◆ **Saved entries**
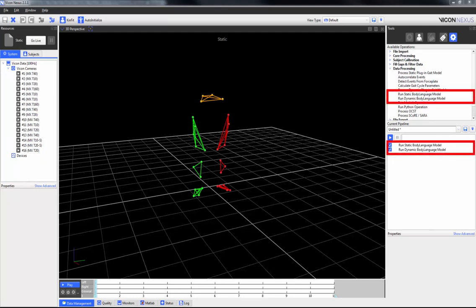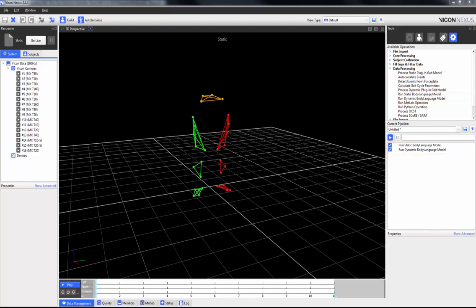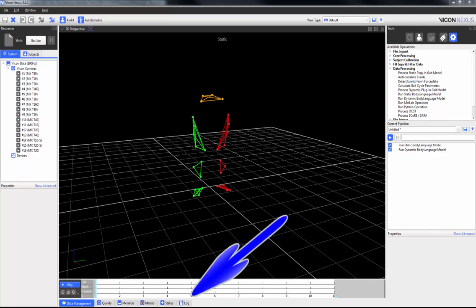The Run Static and Dynamic Body Language Models allow you to run static and dynamic BodyBuilder scripts, which in turn allows you to perform biomechanical modelling. The advantage of this pipeline operation is that it allows you to run scripts and therefore biomechanical modelling directly through Nexus and see the results in real time. If the script fails for any reason, you can debug by checking the communications log. I'm going to show you a simple script used in both the static and dynamic Body Language model pipelines.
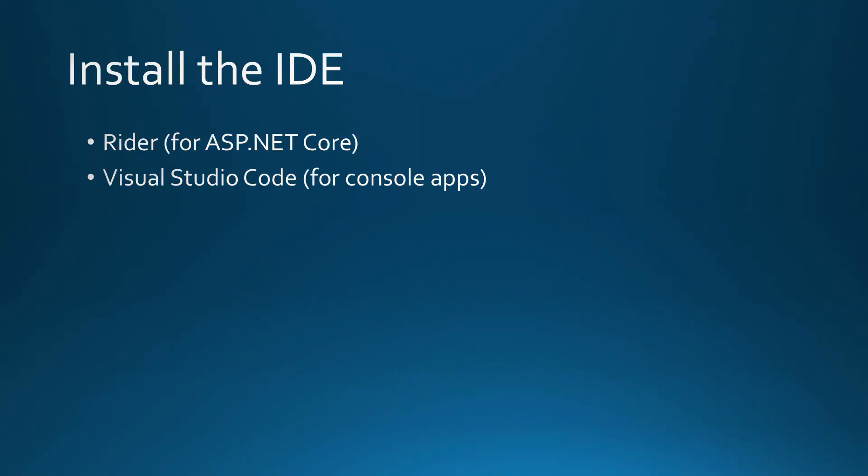And that's it. I hope this video was helpful to you and helped you to develop C-Sharp applications on Linux. Thank you for watching and see you soon.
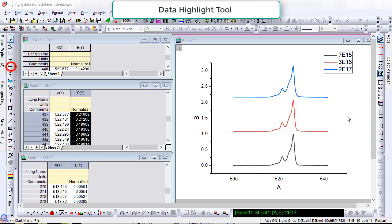This video will demonstrate improvements made on the Data Highlight tool in Origin 2022b so users can collect data from plots created by different sheets and append them into the same sheets.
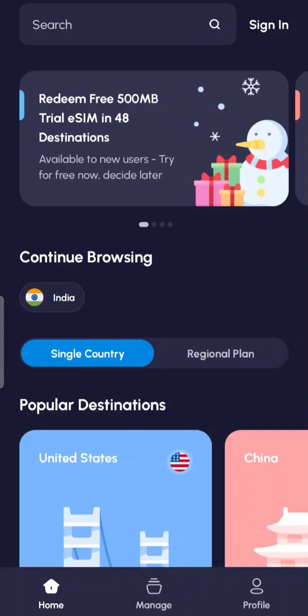Nowadays a lot of people do international travel, and whenever you go to a different country the first concern many have is about connectivity. Wi-Fi points are available everywhere but you cannot just rely on them — you need something that works with you. Getting a local SIM may not give you instant connectivity because it may take some time and verification based on the country you are traveling in.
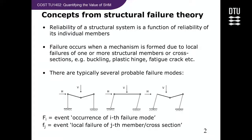In SHM, quite often the activity is to try to detect damage. So we need to look at how we conceptualize damage in structural engineering. There is structural reliability theory, which assumes that the reliability of a structural system is a function of the reliability of individual members. Failure occurs where a mechanism is formed — perhaps plastic, perhaps brittle — due to local failures of one or more structural members or cross-sections, due to buckling, plastic hinge formation, cracking, fatigue crack, which leads to catastrophic consequences.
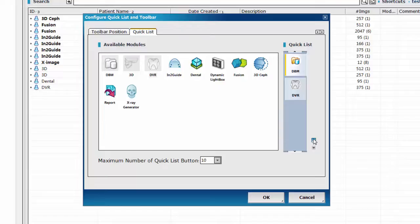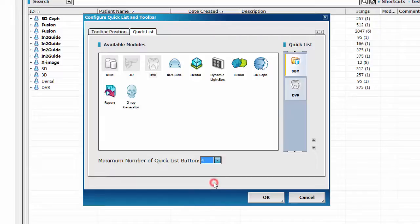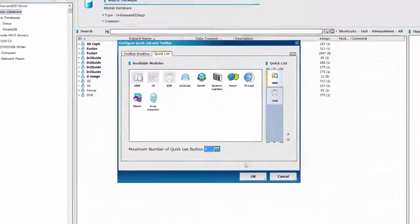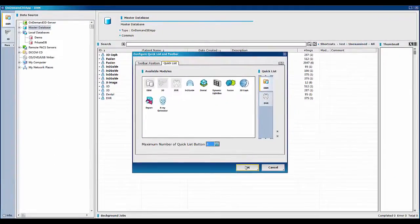Besides, you can also select the maximum number of quicklist buttons to be shown. Press OK and you will see the changes.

◆ **PROBLEM DETAILS**
Please copy the data above character for character, skipping any pictures.

◆ **TASK RESPONSE**
The Run Static and Dynamic Body Language Models allow you to run static and dynamic BodyBuilder scripts, which in turn allows you to perform biomechanical modelling. The advantage of this pipeline operation is that it allows you to run scripts and therefore biomechanical modelling directly through Nexus and see the results in real time. If the script fails for any reason, you can debug by checking the communications log. I'm going to show you a simple script used in both the static and dynamic Body Language model pipelines.
And that's it. I hope this video was helpful to you and helped you to develop C-Sharp applications on Linux. Thank you for watching and see you soon.
This video will demonstrate improvements made on the Data Highlight tool in Origin 2022b so users can collect data from plots created by different sheets and append them into the same sheets.
Nowadays a lot of people do international travel, and whenever you go to a different country the first concern many have is about connectivity. Wi-Fi points are available everywhere but you cannot just rely on them — you need something that works with you. Getting a local SIM may not give you instant connectivity because it may take some time and verification based on the country you are traveling in.
In SHM, quite often the activity is to try to detect damage. So we need to look at how we conceptualize damage in structural engineering. There is structural reliability theory, which assumes that the reliability of a structural system is a function of the reliability of individual members. Failure occurs where a mechanism is formed — perhaps plastic, perhaps brittle — due to local failures of one or more structural members or cross-sections, due to buckling, plastic hinge formation, cracking, fatigue crack, which leads to catastrophic consequences.
Besides, you can also select the maximum number of quicklist buttons to be shown. Press OK and you will see the changes.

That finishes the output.